Septic systems are made out of five key components:

  1. Inlet Chamber
  2. Baffle Wall
  3. Outlet Chamber
  4. Tank Outlet
  5. Leach field

These components work together to ensure that wastewater is properly treated and can safely be reintroduced into the environment. If any aspect fails, it can cause a huge number of issues. Each component plays an important role in the functionality of a septic system.

Inlet Chamber

The inlet chamber is the first and largest part of the tank.  It is used to retain as much of the heavy solids as possible. This includes toilet paper, feces, food from the kitchen, etc. 

Baffle Wall

This wall separates the inlet chamber from the outlet chamber.  It has an opening at a middle depth so that the liquid portion of the tank, between the top “scum” layer and the bottom ” sludge” layer, passes to the next chamber.

Outlet Chamber

This second chamber provides extra time for the separation and settling of solids.

Tank Outlet

The outlet from the tank usually has a vertical Tee so that liquid passing out the pipe from the tank has to go down below any scum that might be floating to get into the pipe to go to the leach field.  The top of the Tee comes out of the water, so floating scum cannot get into the pipe. 

Leach Field

The leach field usually consists of trenches that are about three feet deep.  The trench is filled with one foot of gravel, and a perforated pipe is laid on the gravel.  The liquid flows out of the tank and down the pipe to spread over the gravel.  It then flows through the gravel to reach the soil and percolates into the soil.  The trench is covered with topsoil, so there is no public exposure.

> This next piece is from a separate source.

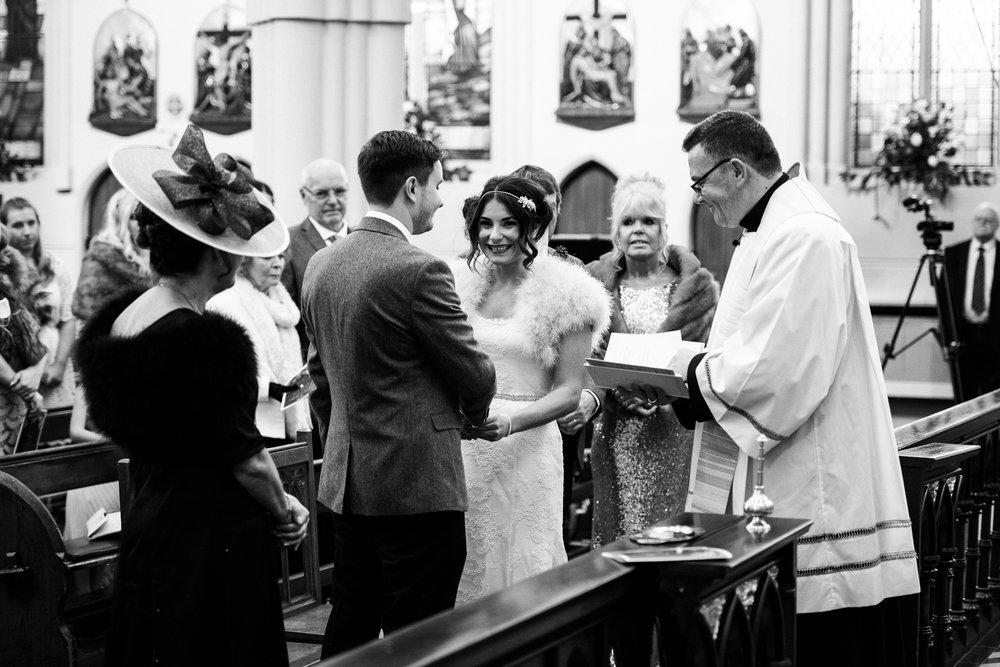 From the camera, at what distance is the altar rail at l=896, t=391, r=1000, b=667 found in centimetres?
348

Bacteria in a Septic Tank:

The bacteria in a septic tank primarily come from human intestinal bacteria in the feces; any bacteria that we allow to live in our guts has to be benign.  That means they cannot eat very much food.  After all, they would be starving us in the process if they were efficient at breaking down solids.  Instead, they consume large molecules by breaking them down into smaller fragments that we can then import through our intestinal linings.  In effect, they feed us by making sure their leftovers are just right.  In a waste treatment system, the object is to digest the waste completely, so once in the septic tank, they aren’t much help.  Only anaerobic bacteria from the feces survive in the tank.  They are very inefficient and do little more than liquify some of the particles in the waste. Proteins can be broken down into ammonia, but they do very little.

Gut bacteria are not well adapted to perform any real function in a septic tank.  They digest some of the material and generate methane gas.  This floats some of the material and creates the “scum” layer. You can buy bacterial spores in the hardware that people add to septic tanks.  These need oxygen to germinate, so they are a waste of money.  Any effect they have is short-term due to the enzymes that come along with the bacterial blend.  These are produced when they grow the bacteria, and it is too expensive to purify the bacterial spores by removing the enzymes, so you get them in the blend. 

How do you maintain a septic tank?

Pumping a septic tank
Emptying household septic tank. Cleaning and unblocking clogged drain.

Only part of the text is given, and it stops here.